*** Opening of Data for this task ***
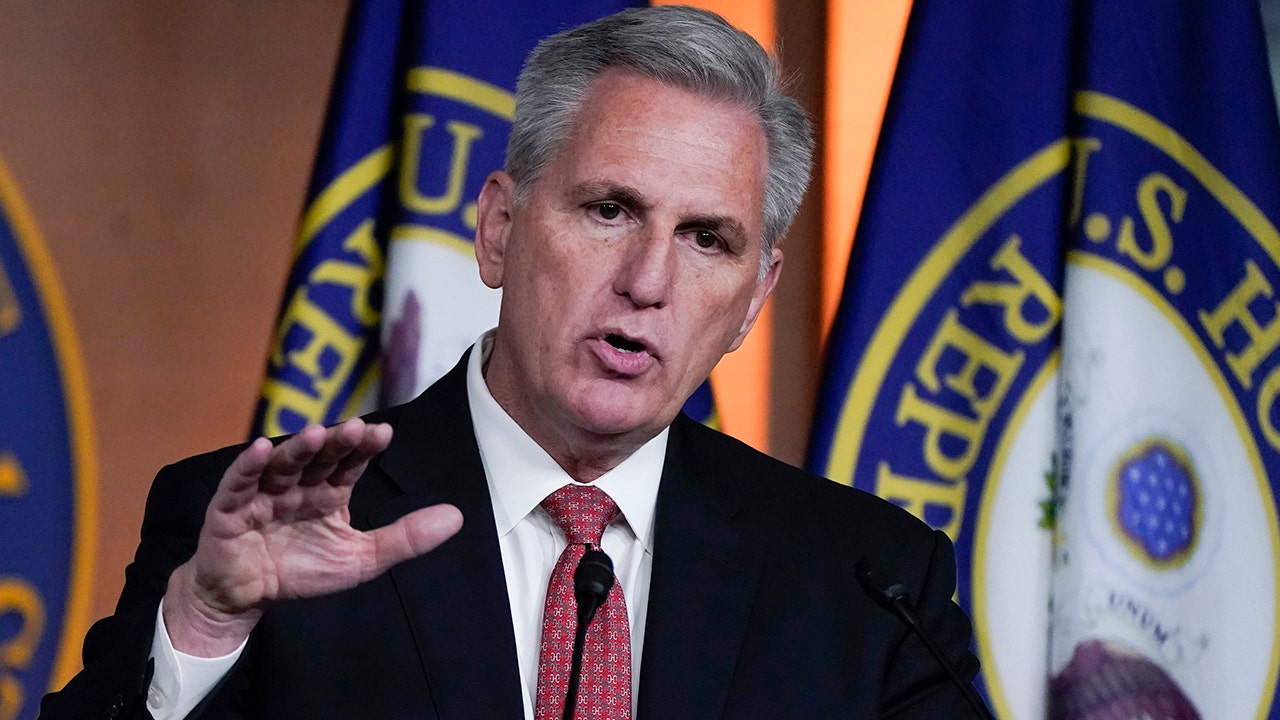 McCarthy: Biden ‘abdicated his responsibilities at our border’ with Title 42 repeal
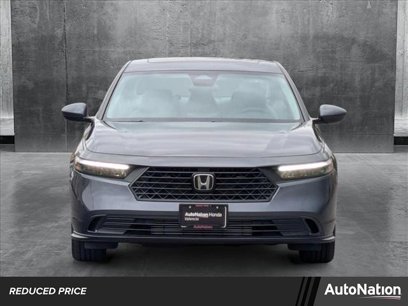 Used 2024 Honda Accord EX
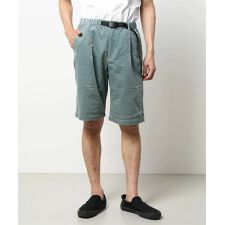 コーデュロイショートパンツ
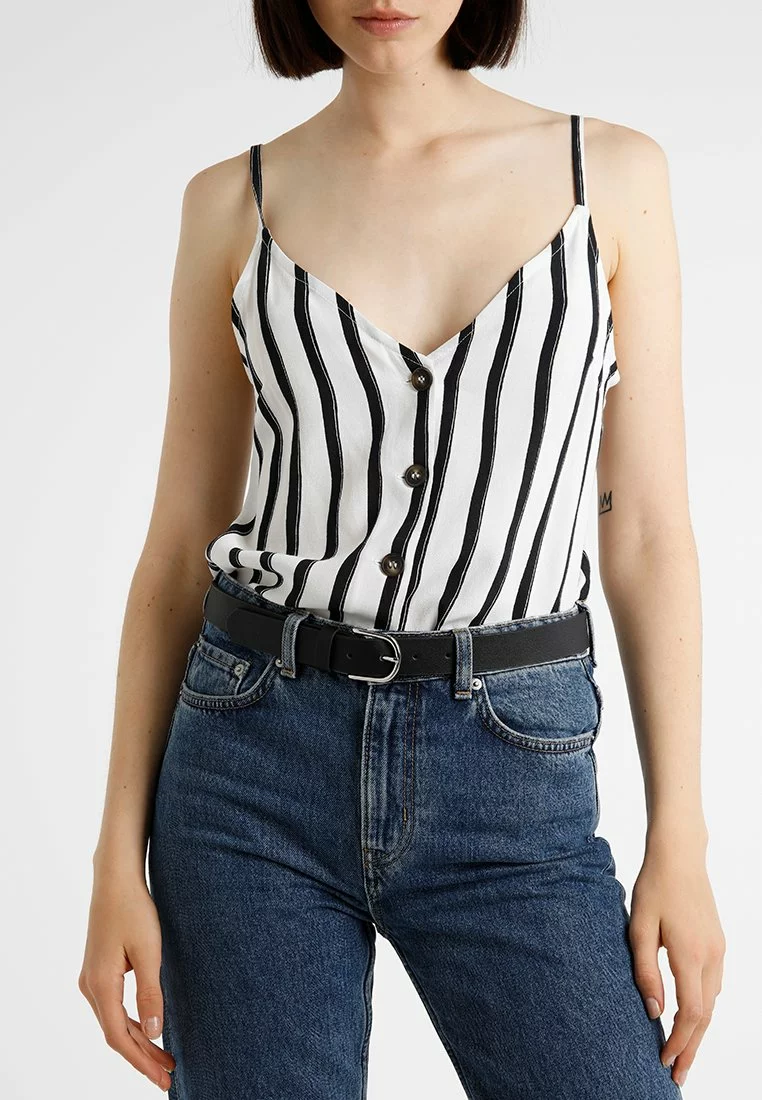 Even&Odd Damen Gürtel - Black 4 Even&Odd Damen Gürtel - Black – Bild 2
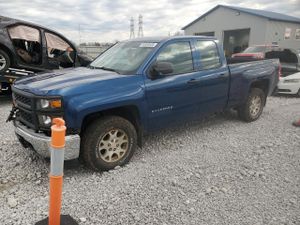 Chevrolet Silverado 1500 K1500 5.3L 8 2015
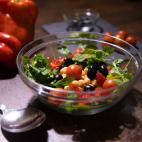 Una receta de Beatriz Robles, dietista, nutricionista y tecn&oacute;loga de los alimentos ▶️ Ingredientes (para una persona): 70-80 gramos de garbanzos secos o el doble si ya est&aacute;n cocidos, un pu&ntilde;ado de r&u...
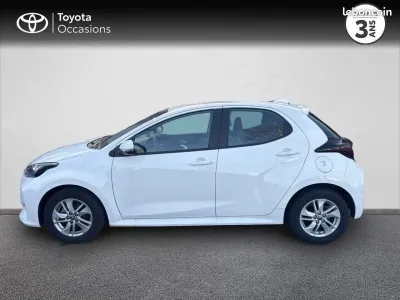 TOYOTA Yaris 120 VVT-i Dynamic Business 5p MC24 occasion 2024 - Photo 3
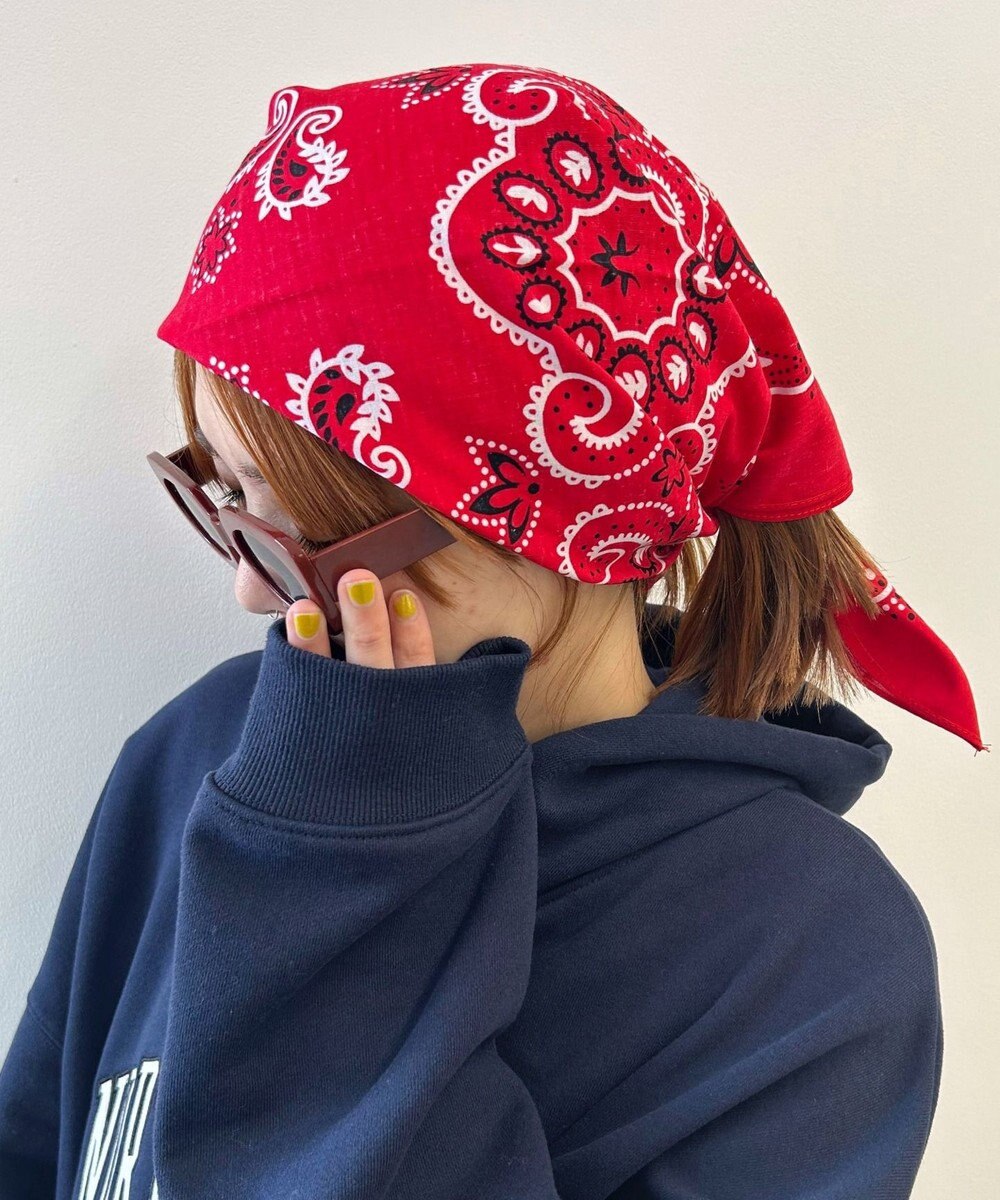 WEGO BIGバンダナ 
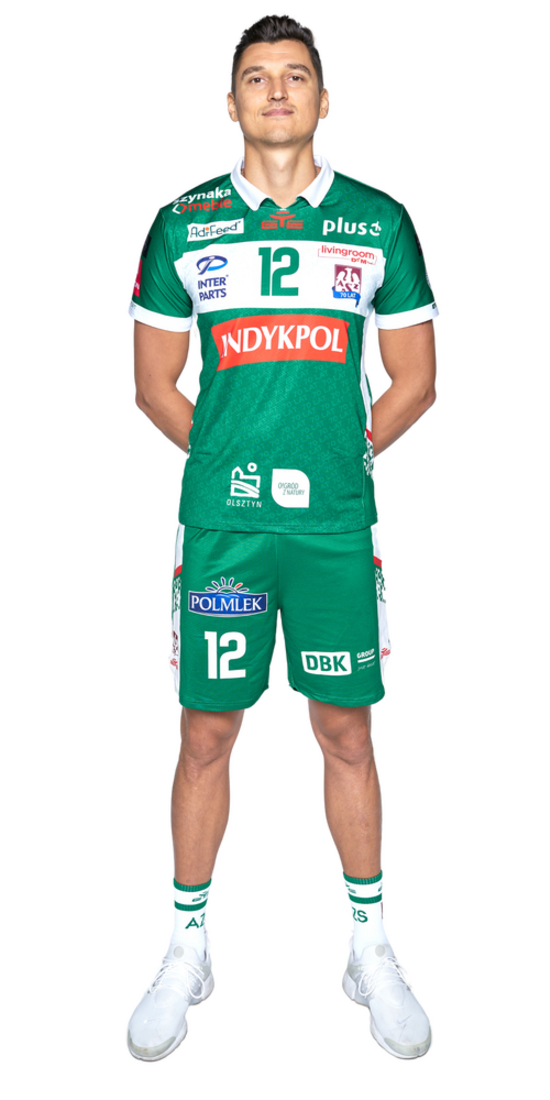 Dmytro Teryomenko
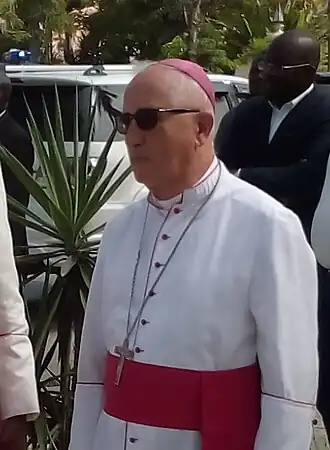 Aartsbisschop José de Queirós Alves (2004-2018)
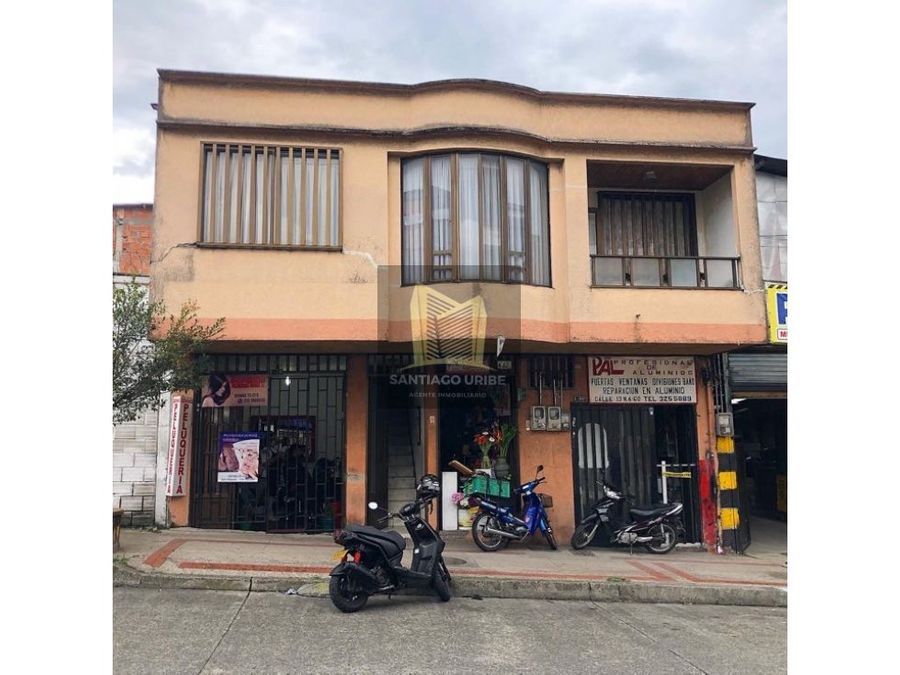 Edificio en Venta - Sector Parque La Libertad, Calle 13, 256,0 m² — CREBI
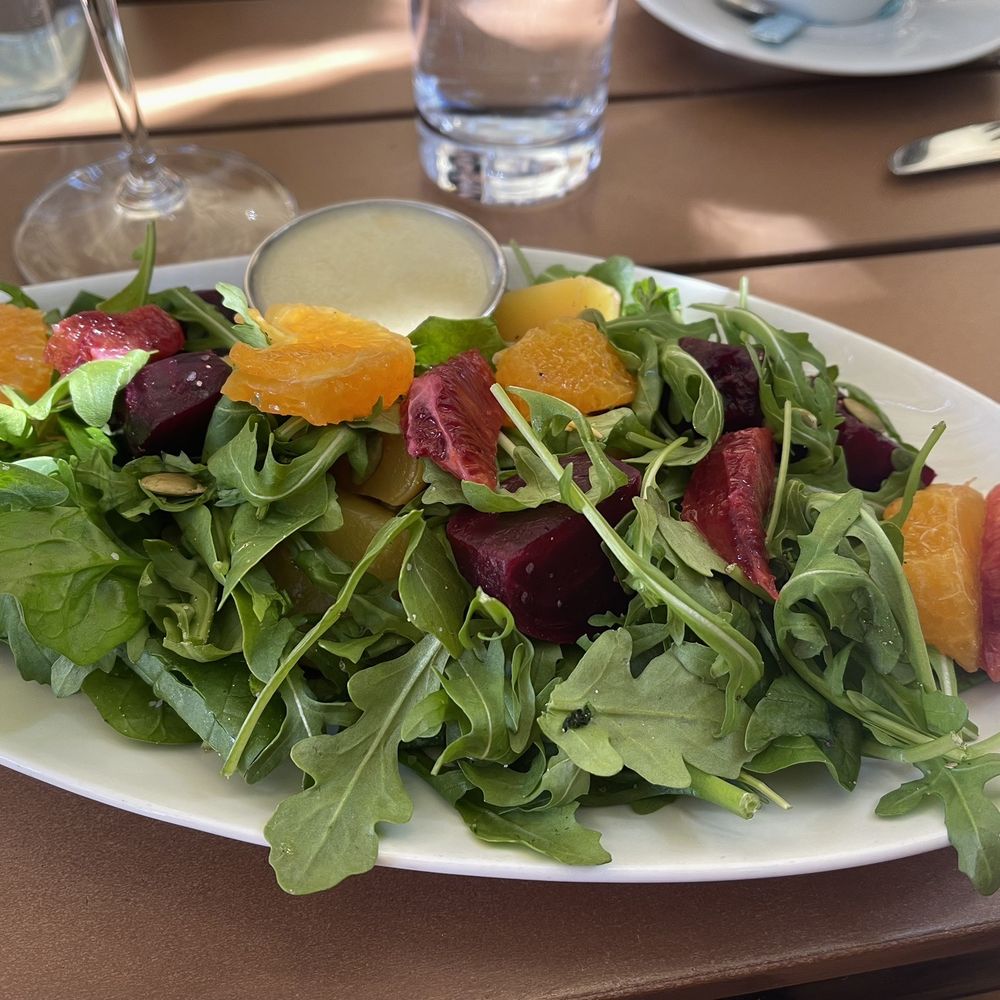 The Fifth - Beet salad with a vinaigrette - New American Near Me - Richardson, Texas The Fifth - Beet salad with a vinaigrette - New American Near Me - Richardson, Texas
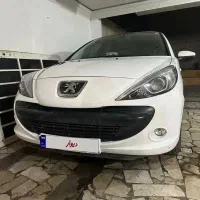 207 اتوماتیک کم کار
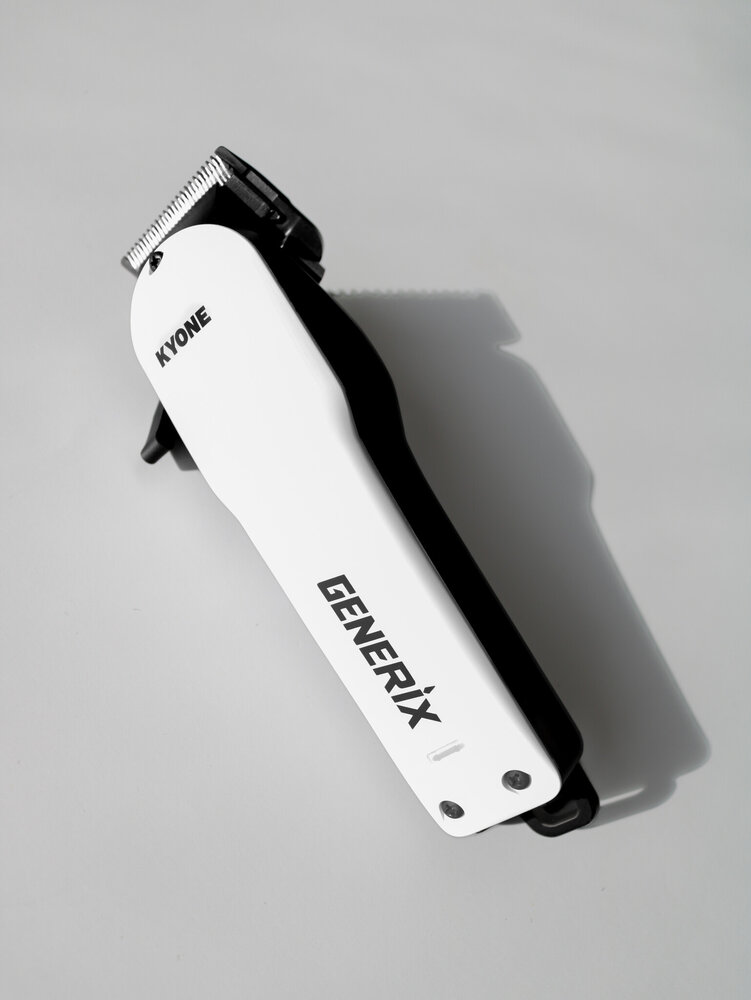 Kyone Generix Clipper GX-03 - WIT Kyone Generix Clipper GX-03 - WIT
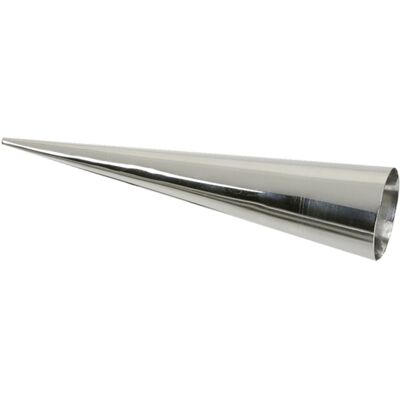 Schneider Schillerlockenform/ Hörnchenbackform - gerade; 16x4 cm (LxØ); edelstahl Schneider Schillerlockenform/ Hörnchenbackform - gerade; 16x4 cm (LxØ); edelstahl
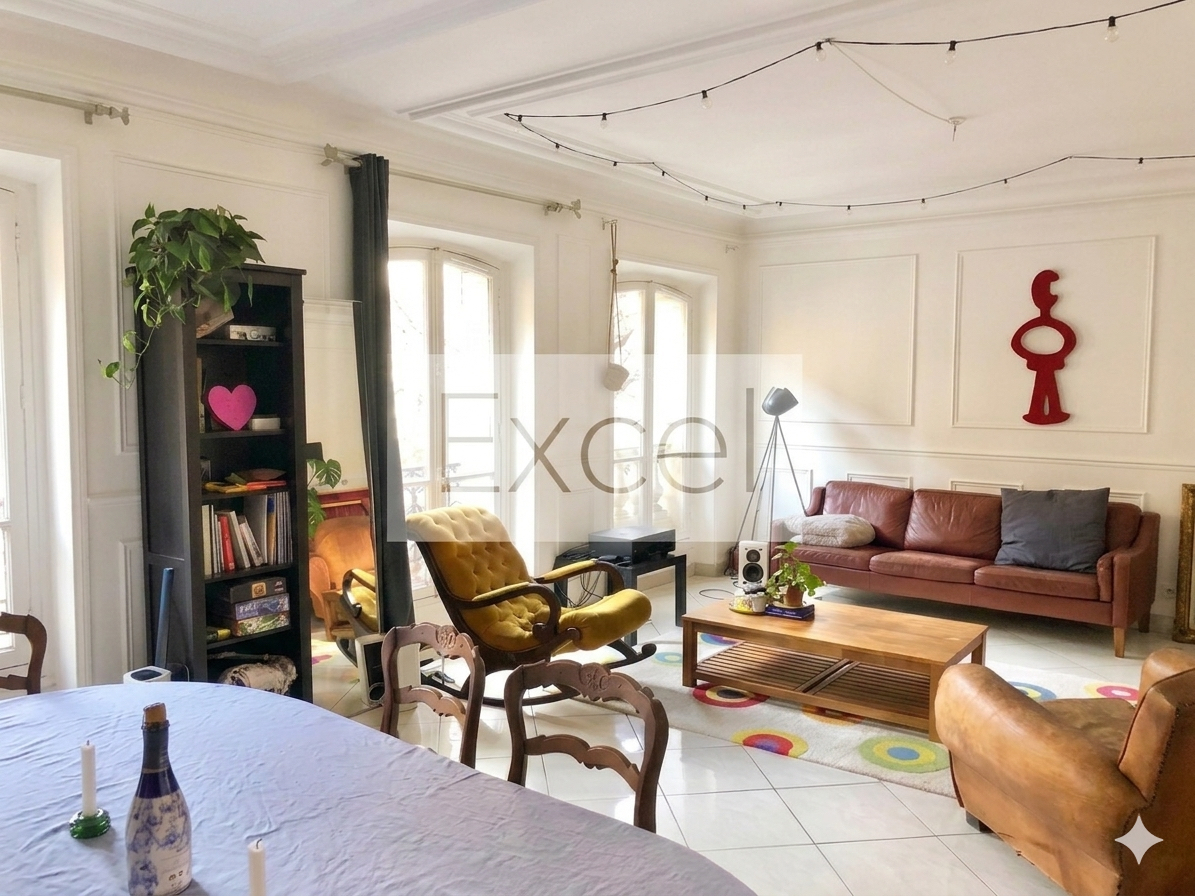 Agence immobilière de EXCEL IMMOBILIER PARIS - EXCEL IMMOBILIER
*** Close of Data for this task ***
* [Work order]: Without any pictures, restate word for word only the lines from the one with "Richardson, Texas The" through the end of the listing.

* [Exercise result]:
 The Fifth - Beet salad with a vinaigrette - New American Near Me - Richardson, Texas The Fifth - Beet salad with a vinaigrette - New American Near Me - Richardson, Texas
 207 اتوماتیک کم کار
 Kyone Generix Clipper GX-03 - WIT Kyone Generix Clipper GX-03 - WIT
 Schneider Schillerlockenform/ Hörnchenbackform - gerade; 16x4 cm (LxØ); edelstahl Schneider Schillerlockenform/ Hörnchenbackform - gerade; 16x4 cm (LxØ); edelstahl
 Agence immobilière de EXCEL IMMOBILIER PARIS - EXCEL IMMOBILIER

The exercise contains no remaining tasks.